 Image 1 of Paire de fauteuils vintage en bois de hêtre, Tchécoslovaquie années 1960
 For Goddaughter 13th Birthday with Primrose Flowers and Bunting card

........

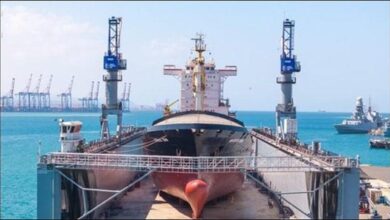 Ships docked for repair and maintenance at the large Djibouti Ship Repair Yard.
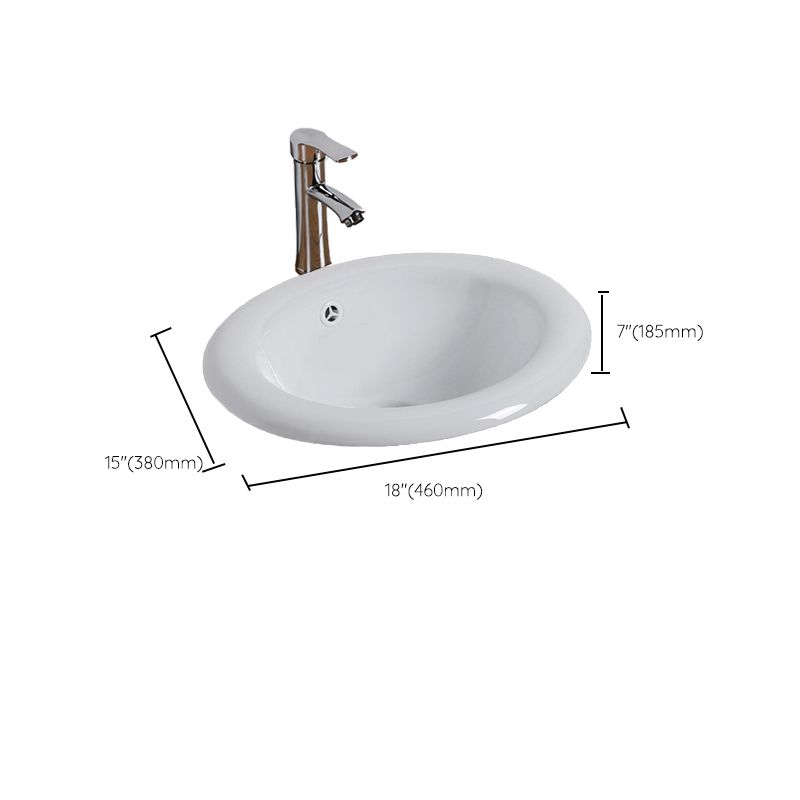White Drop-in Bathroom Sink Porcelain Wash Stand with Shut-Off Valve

........

__Description of the task__. Please return only the lines above, starting at the line that has "Image 1 of Paire" and ending at the line that has "For Goddaughter 13th", keeping both and leaving each one unchanged.

__Answer area__.
 Image 1 of Paire de fauteuils vintage en bois de hêtre, Tchécoslovaquie années 1960
 For Goddaughter 13th Birthday with Primrose Flowers and Bunting card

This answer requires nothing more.